* _WHAT TO PRODUCE_
Search the records for the word "Street" and copy every line in which it occurs.

Stored items
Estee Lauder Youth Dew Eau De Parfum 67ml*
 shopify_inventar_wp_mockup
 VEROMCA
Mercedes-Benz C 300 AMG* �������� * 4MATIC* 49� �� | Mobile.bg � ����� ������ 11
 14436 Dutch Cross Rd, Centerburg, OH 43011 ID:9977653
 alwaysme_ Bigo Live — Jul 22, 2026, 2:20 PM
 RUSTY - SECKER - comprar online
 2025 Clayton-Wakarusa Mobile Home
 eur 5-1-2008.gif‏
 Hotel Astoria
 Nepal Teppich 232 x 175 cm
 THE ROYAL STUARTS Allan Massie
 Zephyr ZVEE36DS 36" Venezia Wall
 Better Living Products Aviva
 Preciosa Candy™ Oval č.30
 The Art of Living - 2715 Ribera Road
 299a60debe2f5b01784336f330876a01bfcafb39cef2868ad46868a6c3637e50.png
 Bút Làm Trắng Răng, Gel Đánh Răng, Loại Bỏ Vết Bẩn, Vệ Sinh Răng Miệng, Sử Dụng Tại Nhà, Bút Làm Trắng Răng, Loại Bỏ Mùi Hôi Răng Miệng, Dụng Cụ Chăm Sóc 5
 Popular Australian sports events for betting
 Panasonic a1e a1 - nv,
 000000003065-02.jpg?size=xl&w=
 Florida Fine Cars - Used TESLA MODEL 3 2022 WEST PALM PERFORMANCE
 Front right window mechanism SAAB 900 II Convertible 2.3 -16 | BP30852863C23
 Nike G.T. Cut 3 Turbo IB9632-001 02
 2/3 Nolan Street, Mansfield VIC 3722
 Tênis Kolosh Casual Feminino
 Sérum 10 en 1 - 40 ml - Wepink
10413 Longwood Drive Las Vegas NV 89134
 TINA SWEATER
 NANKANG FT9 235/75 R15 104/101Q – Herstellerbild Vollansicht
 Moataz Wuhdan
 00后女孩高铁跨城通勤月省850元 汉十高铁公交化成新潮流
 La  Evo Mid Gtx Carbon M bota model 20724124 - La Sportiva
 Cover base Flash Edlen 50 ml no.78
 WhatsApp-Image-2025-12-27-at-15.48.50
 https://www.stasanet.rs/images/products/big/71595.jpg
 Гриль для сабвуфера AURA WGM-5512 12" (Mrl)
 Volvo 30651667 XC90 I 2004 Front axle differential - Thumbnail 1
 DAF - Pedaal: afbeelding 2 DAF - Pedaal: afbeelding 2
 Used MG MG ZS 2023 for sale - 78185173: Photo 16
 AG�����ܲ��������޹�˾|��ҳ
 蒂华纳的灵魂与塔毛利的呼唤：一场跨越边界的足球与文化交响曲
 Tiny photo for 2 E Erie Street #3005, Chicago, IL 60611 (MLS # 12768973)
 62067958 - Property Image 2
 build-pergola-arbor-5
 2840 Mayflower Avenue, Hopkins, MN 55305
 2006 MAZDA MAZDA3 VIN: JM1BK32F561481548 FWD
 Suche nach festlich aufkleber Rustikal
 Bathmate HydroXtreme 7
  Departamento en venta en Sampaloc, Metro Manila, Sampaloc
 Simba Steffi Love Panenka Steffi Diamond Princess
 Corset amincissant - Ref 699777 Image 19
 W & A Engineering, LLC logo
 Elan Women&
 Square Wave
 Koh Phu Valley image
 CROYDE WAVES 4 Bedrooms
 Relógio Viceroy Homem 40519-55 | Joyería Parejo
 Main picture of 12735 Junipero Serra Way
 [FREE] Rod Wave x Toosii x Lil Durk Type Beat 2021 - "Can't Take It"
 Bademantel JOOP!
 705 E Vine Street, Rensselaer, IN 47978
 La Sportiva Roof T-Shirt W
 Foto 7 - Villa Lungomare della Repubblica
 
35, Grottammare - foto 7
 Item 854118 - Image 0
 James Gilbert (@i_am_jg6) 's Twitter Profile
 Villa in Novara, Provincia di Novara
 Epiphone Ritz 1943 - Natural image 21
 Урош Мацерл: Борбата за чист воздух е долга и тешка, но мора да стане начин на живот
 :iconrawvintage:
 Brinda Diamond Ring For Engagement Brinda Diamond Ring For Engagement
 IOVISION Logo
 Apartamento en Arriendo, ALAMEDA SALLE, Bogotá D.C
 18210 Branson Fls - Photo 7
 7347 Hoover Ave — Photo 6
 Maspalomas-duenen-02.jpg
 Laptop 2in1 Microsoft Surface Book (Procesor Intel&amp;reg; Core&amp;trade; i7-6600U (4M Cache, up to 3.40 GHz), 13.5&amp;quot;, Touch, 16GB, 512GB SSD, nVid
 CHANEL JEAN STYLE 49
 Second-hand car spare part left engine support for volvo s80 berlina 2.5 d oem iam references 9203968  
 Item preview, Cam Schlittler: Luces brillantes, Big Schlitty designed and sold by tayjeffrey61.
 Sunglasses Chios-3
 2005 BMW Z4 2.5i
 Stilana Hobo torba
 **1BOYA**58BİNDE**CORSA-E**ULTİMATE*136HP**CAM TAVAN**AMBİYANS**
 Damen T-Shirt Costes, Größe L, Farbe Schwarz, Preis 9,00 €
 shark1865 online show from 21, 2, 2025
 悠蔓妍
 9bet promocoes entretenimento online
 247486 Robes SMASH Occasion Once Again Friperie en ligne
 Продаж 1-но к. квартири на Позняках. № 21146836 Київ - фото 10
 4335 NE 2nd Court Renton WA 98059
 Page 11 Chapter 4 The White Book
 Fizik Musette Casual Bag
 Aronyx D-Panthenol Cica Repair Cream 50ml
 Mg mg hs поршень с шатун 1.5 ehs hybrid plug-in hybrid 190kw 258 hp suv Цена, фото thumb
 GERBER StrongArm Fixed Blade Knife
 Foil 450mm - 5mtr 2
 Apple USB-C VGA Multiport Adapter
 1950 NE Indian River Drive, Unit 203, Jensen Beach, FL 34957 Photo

* _ANSWER FOR THE TASK_
 2/3 Nolan Street, Mansfield VIC 3722
 Tiny photo for 2 E Erie Street #3005, Chicago, IL 60611 (MLS # 12768973)
 705 E Vine Street, Rensselaer, IN 47978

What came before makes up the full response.